There is currently a focus on developing federation, meaning people can run their own individual hosts with their own login accounts, but be able to use and share media between different hosts without needing separate accounts on all of them. This will make it easy to spread out the hosting and mirroring of media across different servers in different places, which will be useful for load-spreading (like bittorrent) and for "censorship-resistance". (For a large organization with a worldwide spread of MediaGoblin instances, it could be like a Streisand-effect amplifier...)
The buzzword version of the description goes something like this: it's a unified (because this one system handles more or less all types of "content"), decentralized (because multiple independent servers can allow data-sharing and authentication with each other to prevent loss of one server from stopping access to media), federated (that's the buzzword for "one server can be told to trust another server's authentication" thing) system for hosting any "content" (or "media" if you prefer) that you want.
The short version is that it does the same sort of thing as flickr(/piwigo/gallery/picasa...), youtube(/vimeo, etc), soundcloud(/jamendo etc), wordpress, and various others, but it does it all in one interface in a way that the owners have control over so that (for example) some buttnugget can't shut off your video by just telling Google that the sound of birds in the background of your video is pirated music.

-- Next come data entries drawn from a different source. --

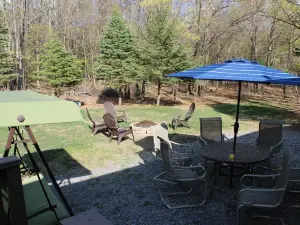 Cozy Pocono Home w/ Hot Tub, Sauna, Game Room, A/C, 65" TV, WIFI,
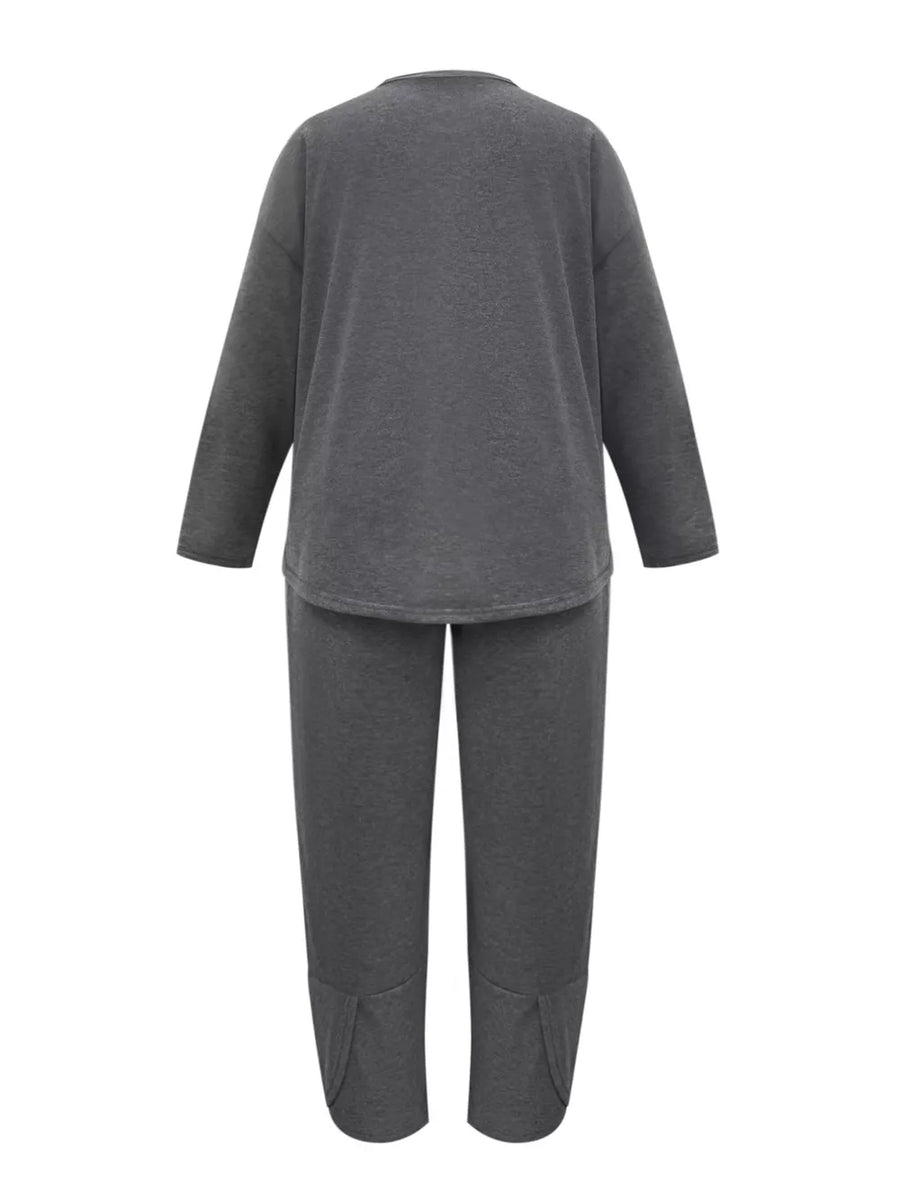 Plus size dark gray crew neck lounge set with long sleeves and split hem pants.
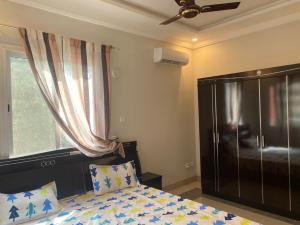 Ένα ή περισσότερα κρεβάτια σε δωμάτιο στο Kfam04 Apartments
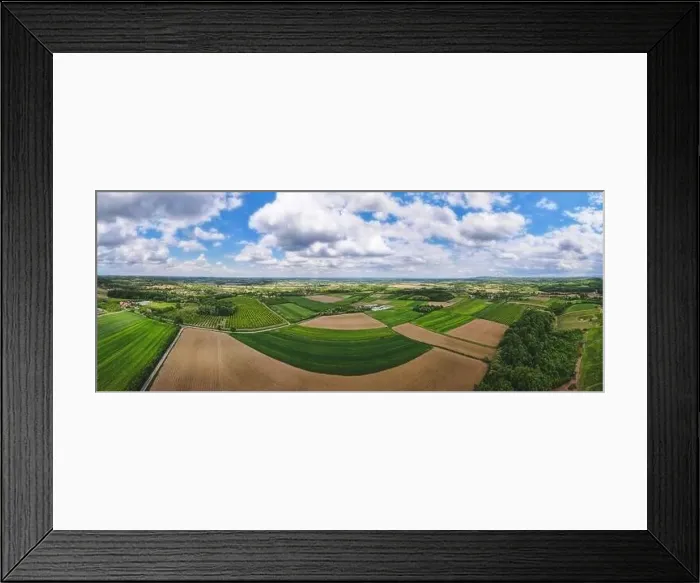 Framed Print : Serbian village and their farm fields in springtime. Aerial drone view of fields in the countryside Framed Print : Serbian village and their farm fields in springtime. Aerial drone view of fields in the countryside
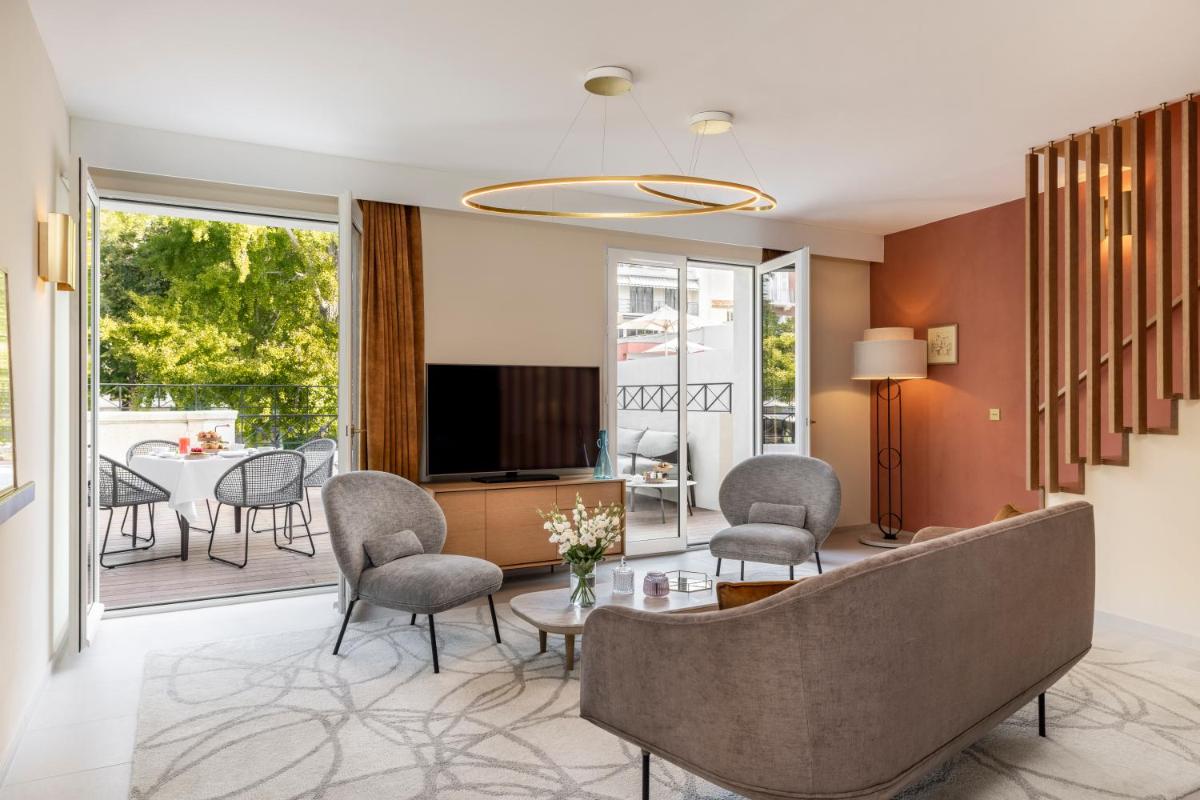 un salon avec un canapé, des chaises et une télévision dans l'établissement Maison Albar Hotels L’Imperator, à Nîmes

It'll currently mostly be of interest to people who are capable of operating their own servers rather than "end-users", though it seems obvious that the expectation is that people will end up using this system to set up hosting for said "end-users", whether for the general public or for use by members of some organization or other. I could imagine a university using it for inter-departmental or inter-campus media sharing and hosting, or an activist organization setting up federated instances in several countries for storing and sharing media, or a commercial start-up basing a multi-media Jamendo-style hosting company on the platform, for example.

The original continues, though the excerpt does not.